Description of the task: Copy exactly the lines from the one containing "宜兴紫砂壶名家查元康《师竹友石·石云》紫砂壶原矿全手工优惠全场" through the last line of the records below, both included, and leave out the pictures.

=== Material shown ===

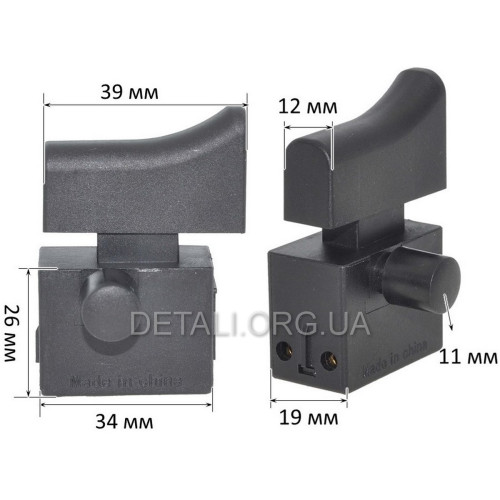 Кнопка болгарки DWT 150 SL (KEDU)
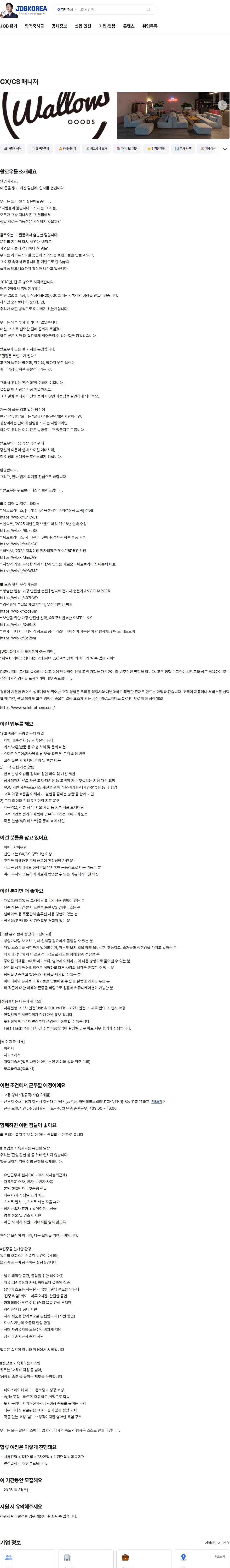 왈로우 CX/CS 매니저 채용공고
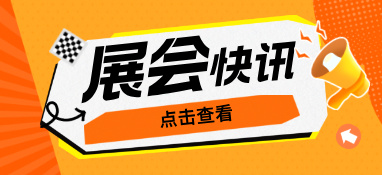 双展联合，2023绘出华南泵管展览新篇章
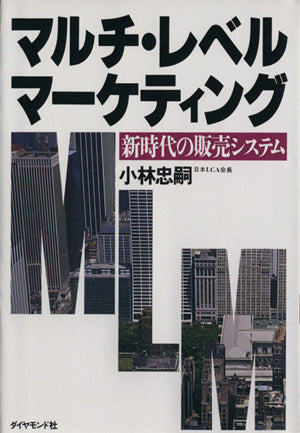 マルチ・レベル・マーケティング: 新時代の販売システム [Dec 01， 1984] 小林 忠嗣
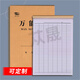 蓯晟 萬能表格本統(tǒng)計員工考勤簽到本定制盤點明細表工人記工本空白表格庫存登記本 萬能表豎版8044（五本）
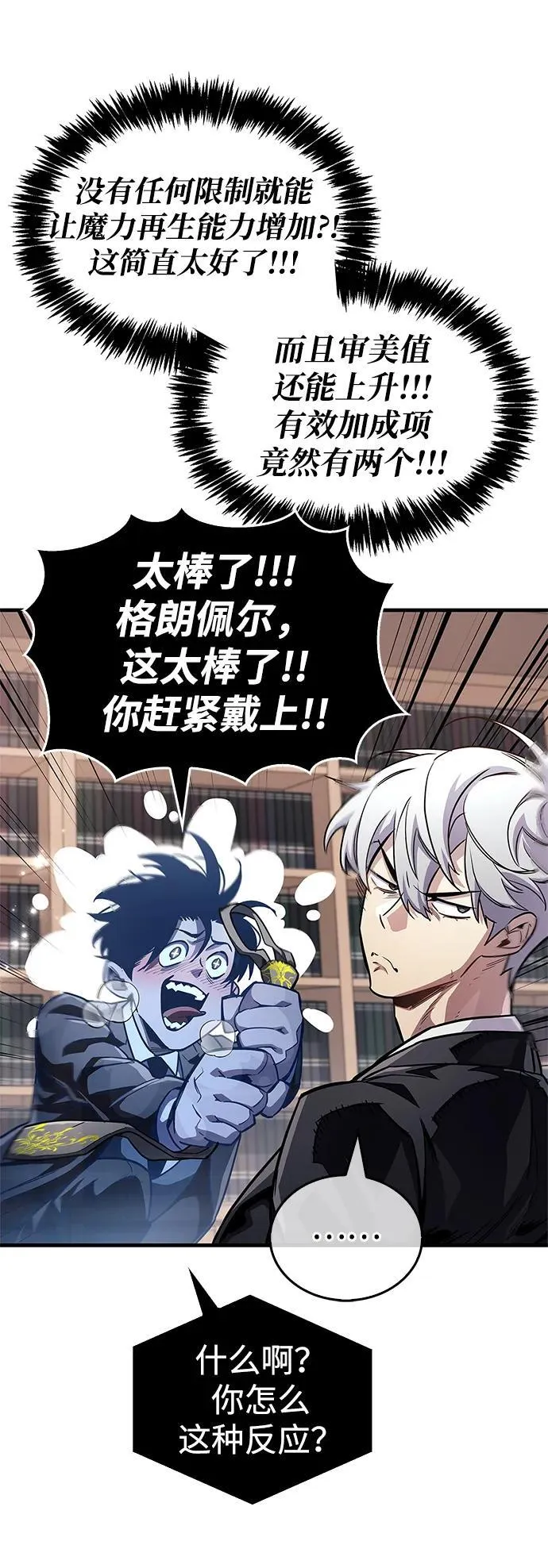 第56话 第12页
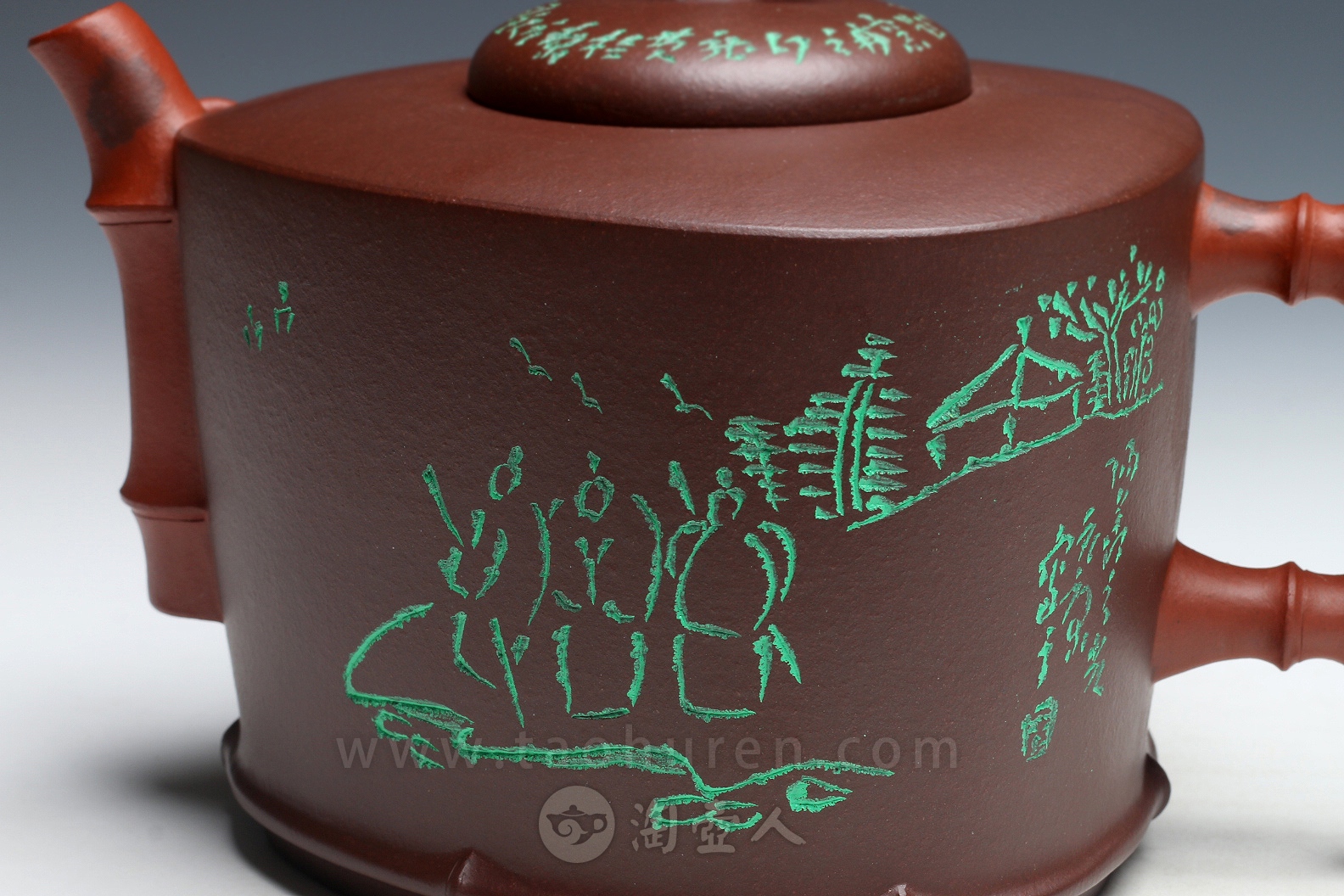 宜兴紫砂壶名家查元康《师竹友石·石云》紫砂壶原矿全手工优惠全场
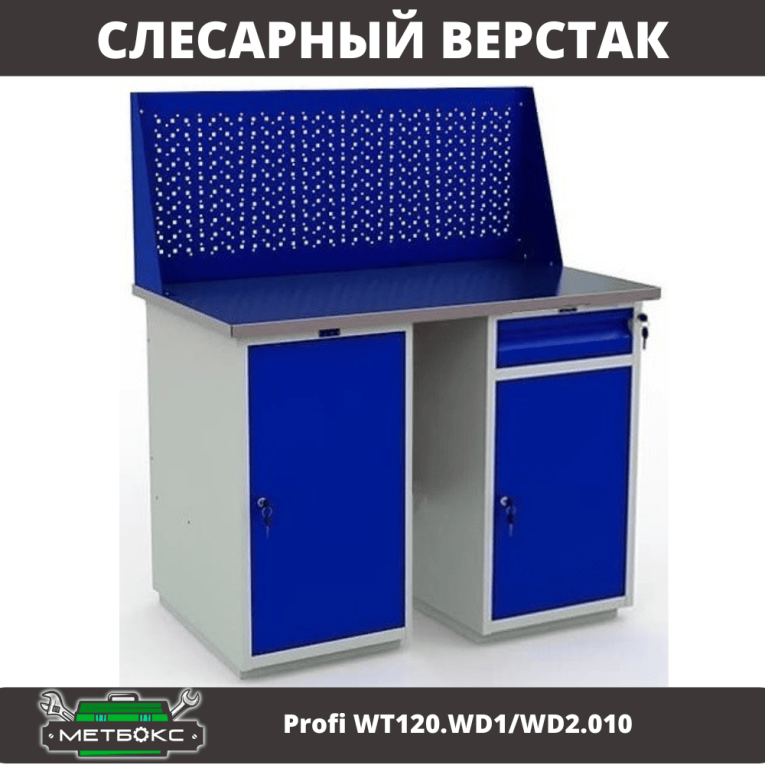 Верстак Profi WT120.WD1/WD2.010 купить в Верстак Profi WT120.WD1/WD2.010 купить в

===

Output of the exercise:
 宜兴紫砂壶名家查元康《师竹友石·石云》紫砂壶原矿全手工优惠全场
 Верстак Profi WT120.WD1/WD2.010 купить в Верстак Profi WT120.WD1/WD2.010 купить в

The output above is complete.